● **What the task asks**: In your copy, include no images, and write out every entry below exactly as it stands.
Start of Raw data
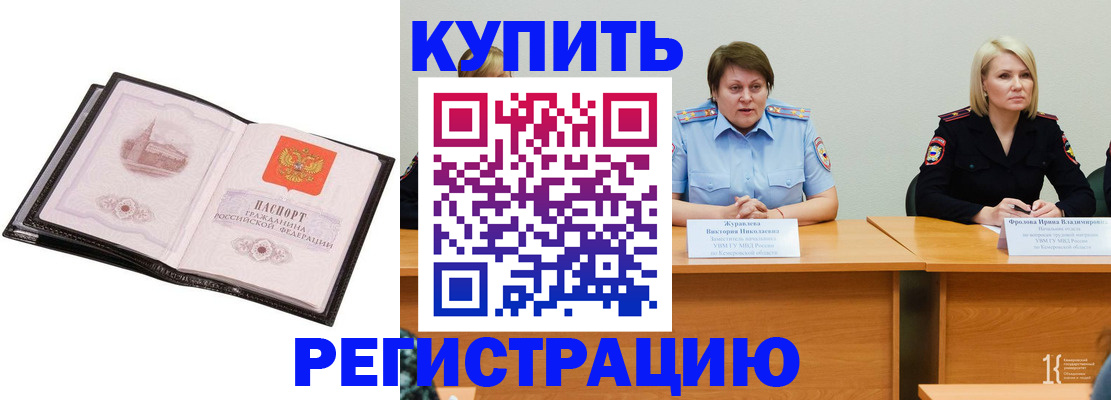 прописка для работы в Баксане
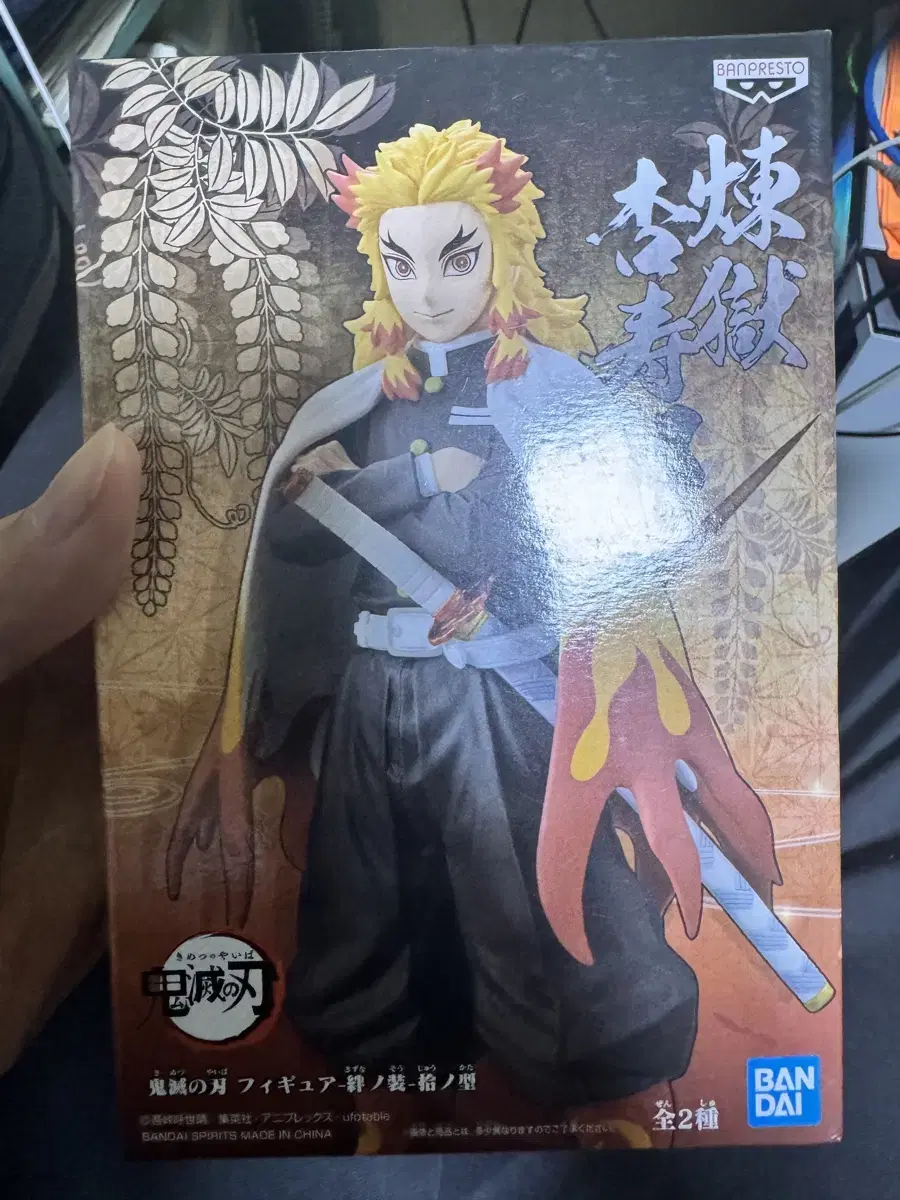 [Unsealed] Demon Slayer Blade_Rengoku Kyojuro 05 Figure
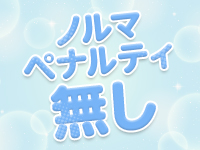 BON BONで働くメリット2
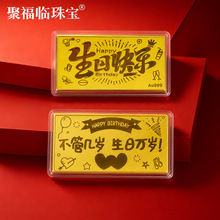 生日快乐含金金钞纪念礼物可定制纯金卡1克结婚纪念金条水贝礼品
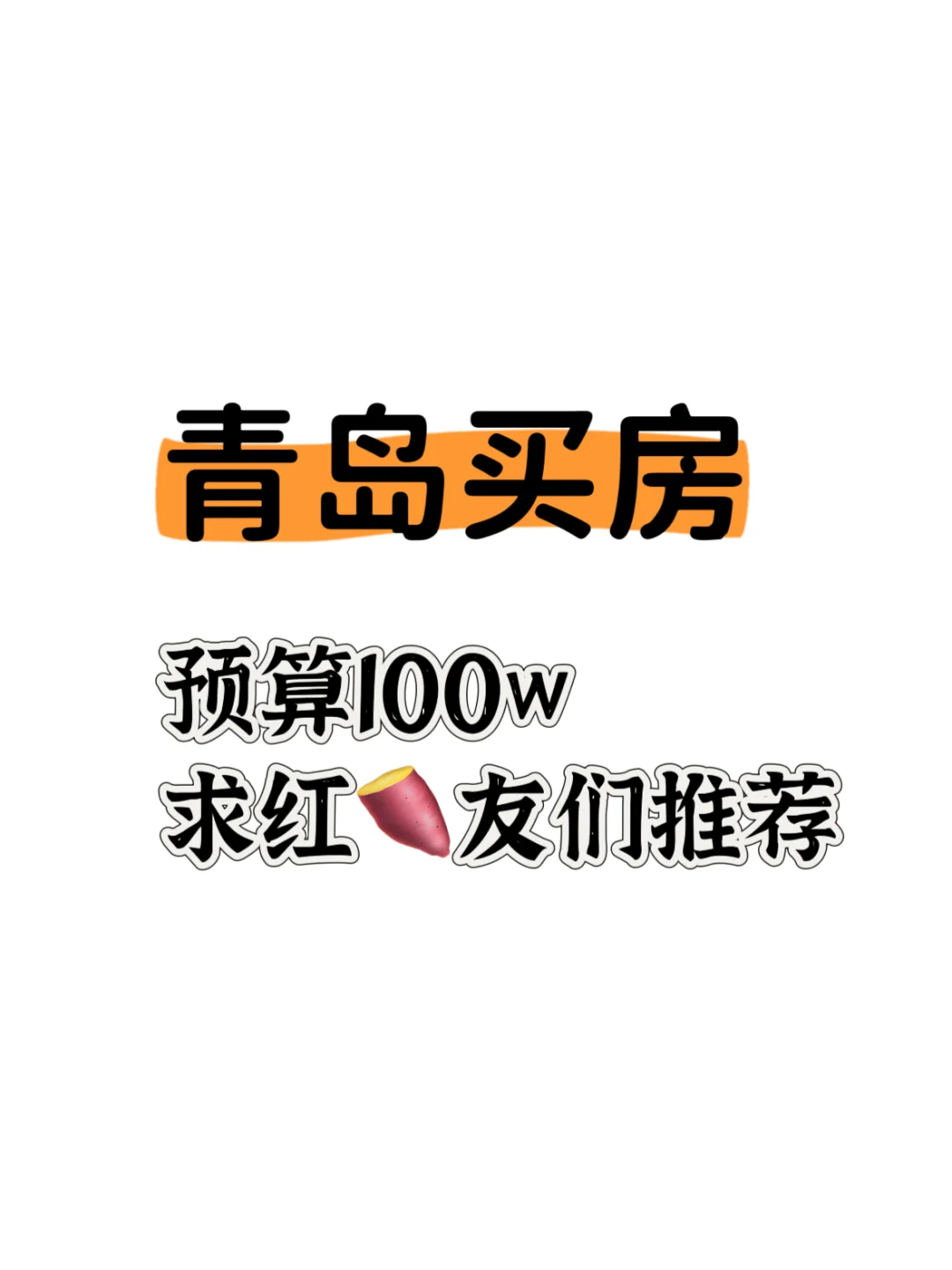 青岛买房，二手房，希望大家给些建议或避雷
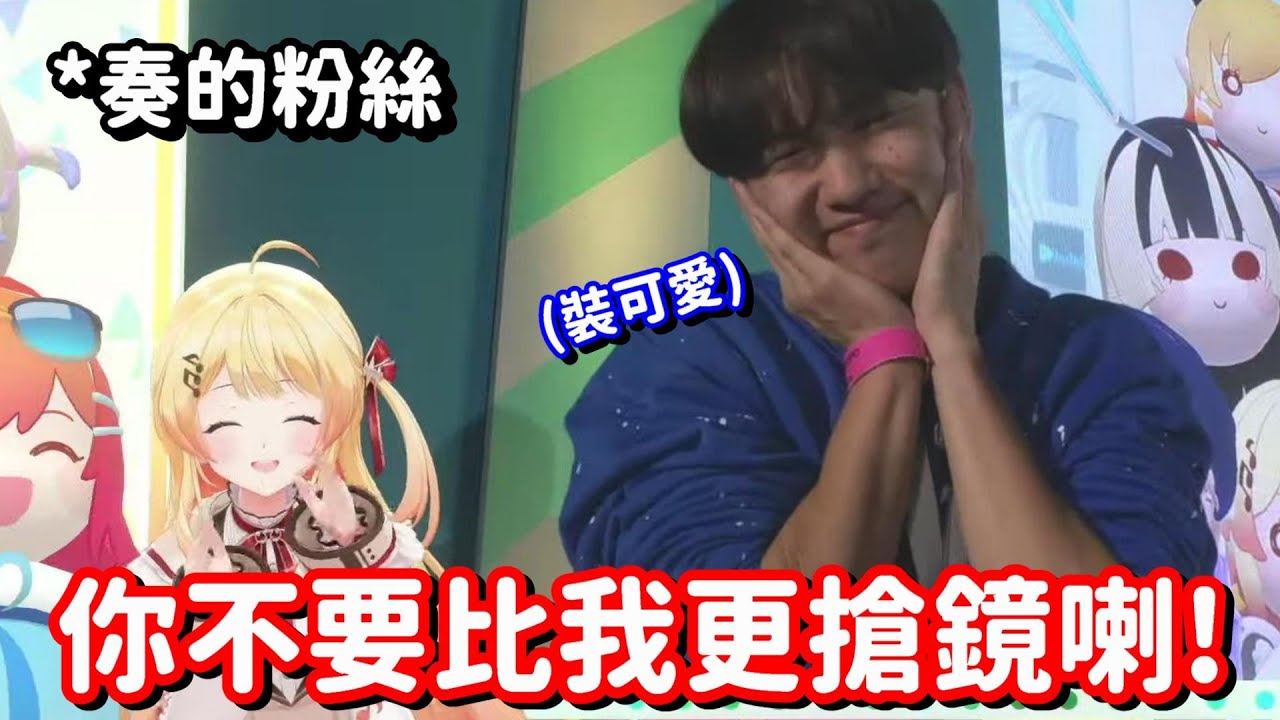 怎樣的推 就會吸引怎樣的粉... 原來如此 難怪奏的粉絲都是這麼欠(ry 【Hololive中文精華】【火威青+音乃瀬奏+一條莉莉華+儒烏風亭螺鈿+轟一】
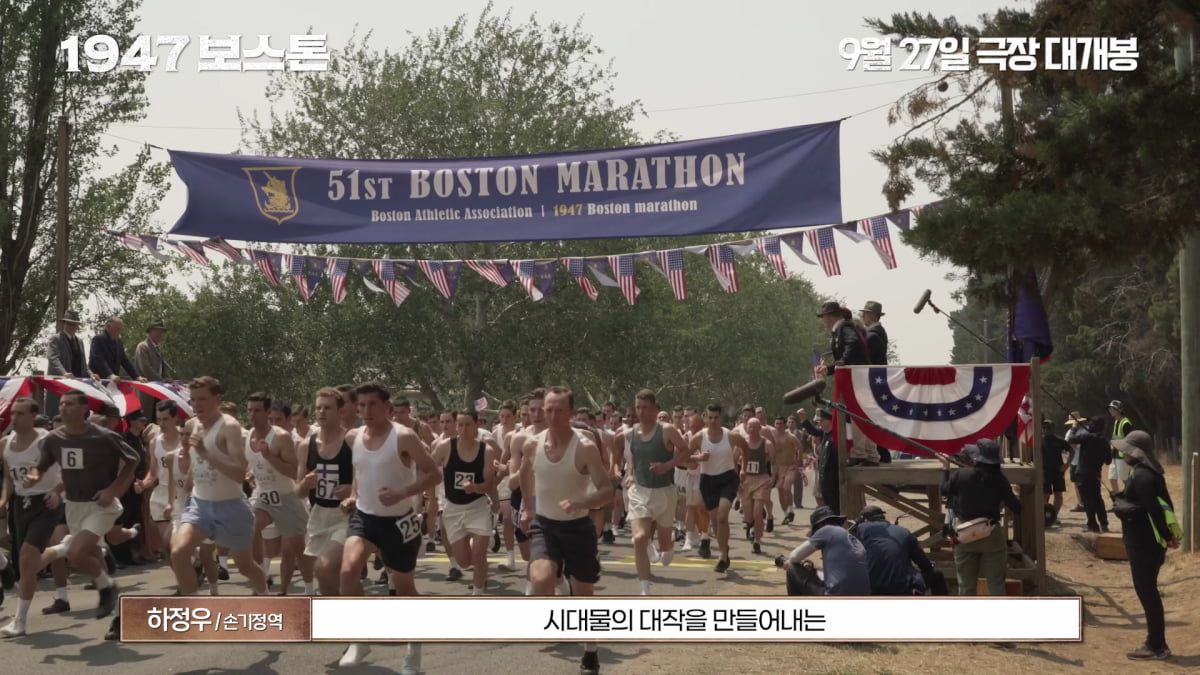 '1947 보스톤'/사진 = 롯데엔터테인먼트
End of Raw data
● **Response below**:
 прописка для работы в Баксане
 [Unsealed] Demon Slayer Blade_Rengoku Kyojuro 05 Figure
 BON BONで働くメリット2
 生日快乐含金金钞纪念礼物可定制纯金卡1克结婚纪念金条水贝礼品
 青岛买房，二手房，希望大家给些建议或避雷
 怎樣的推 就會吸引怎樣的粉... 原來如此 難怪奏的粉絲都是這麼欠(ry 【Hololive中文精華】【火威青+音乃瀬奏+一條莉莉華+儒烏風亭螺鈿+轟一】
 '1947 보스톤'/사진 = 롯데엔터테인먼트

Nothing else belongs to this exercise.